Exercise =
Repeat the following data exactly, omitting pictures.

Data extract =
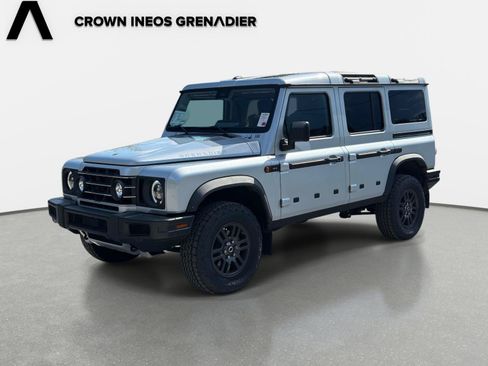 New 2026 INEOS Grenadier AWD/4WD image 1
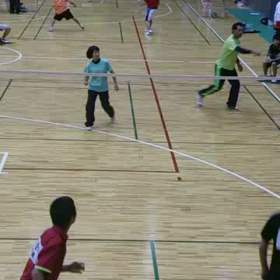 バドミントンプレイ動画！の画像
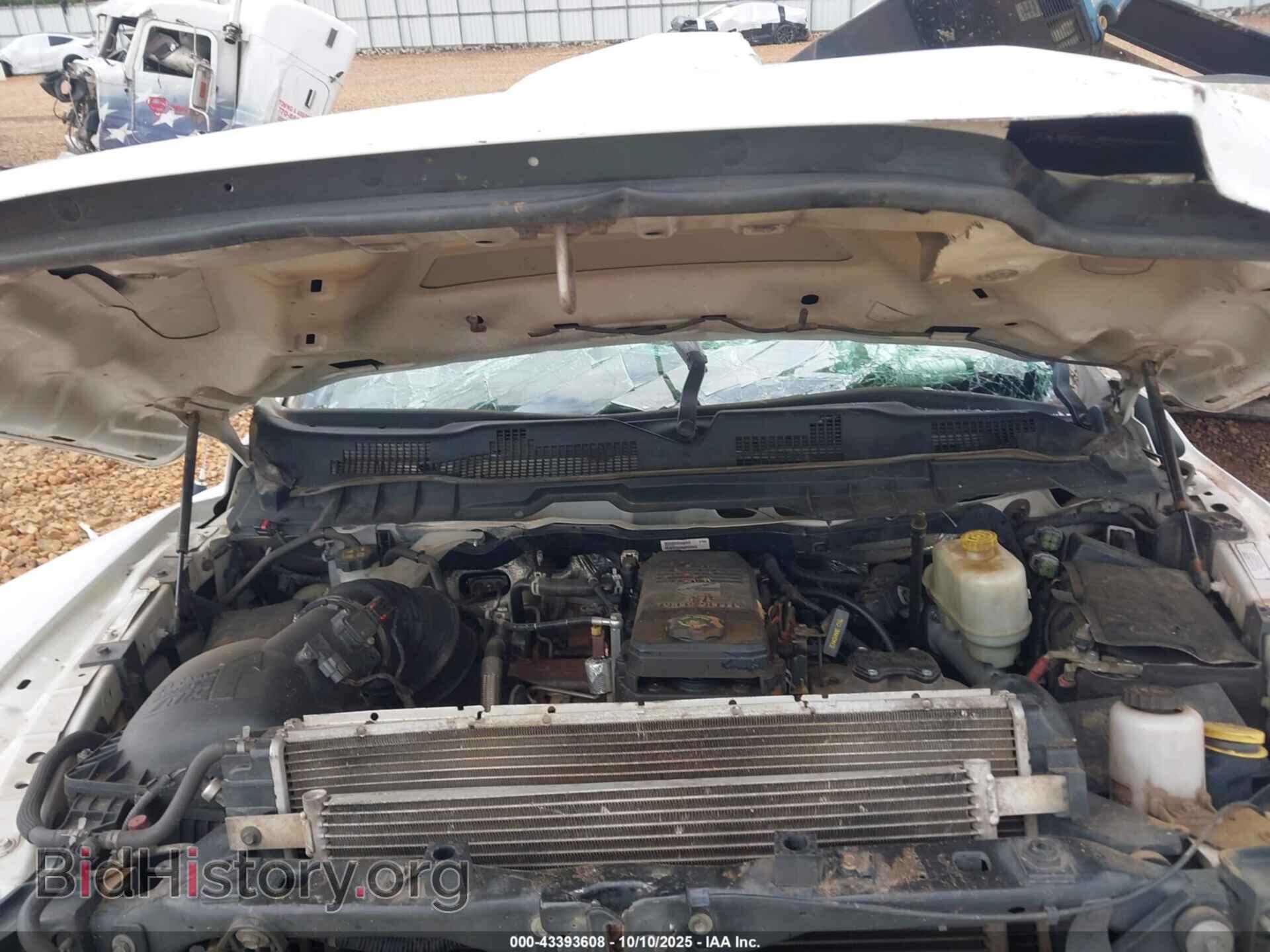 2014 RAM 5500 CHASSIS - VIN: 3C7WRNFL3EG161852 - Фото 9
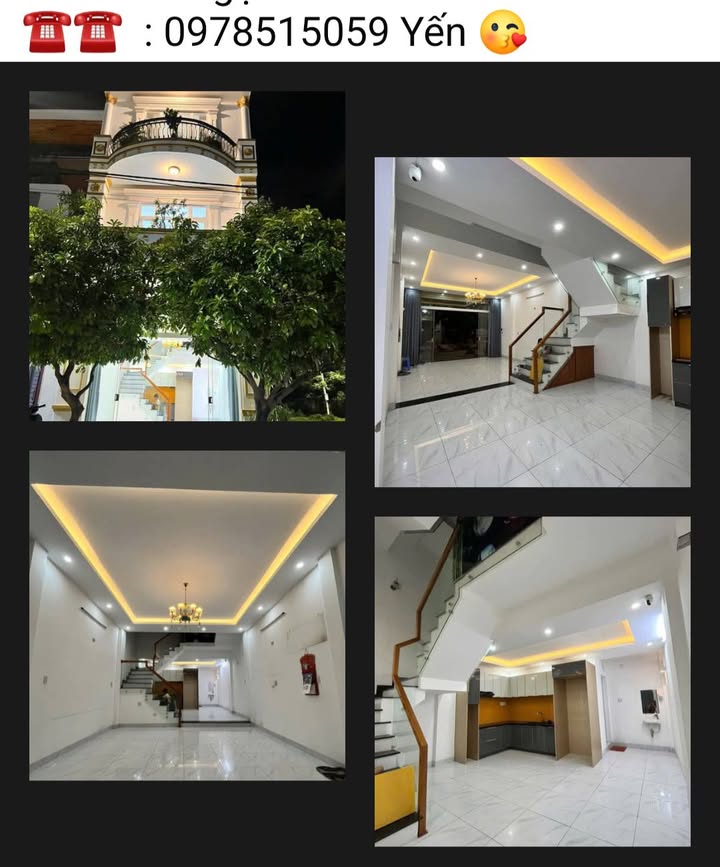 Nhà 3 mê mặt tiền Lạc Long Quân, 61m² giá 2.6 tỷ - Hướng Tây Bắc, pháp lý rõ ràng!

Written response =
 New 2026 INEOS Grenadier AWD/4WD image 1
 バドミントンプレイ動画！の画像
 2014 RAM 5500 CHASSIS - VIN: 3C7WRNFL3EG161852 - Фото 9
 Nhà 3 mê mặt tiền Lạc Long Quân, 61m² giá 2.6 tỷ - Hướng Tây Bắc, pháp lý rõ ràng!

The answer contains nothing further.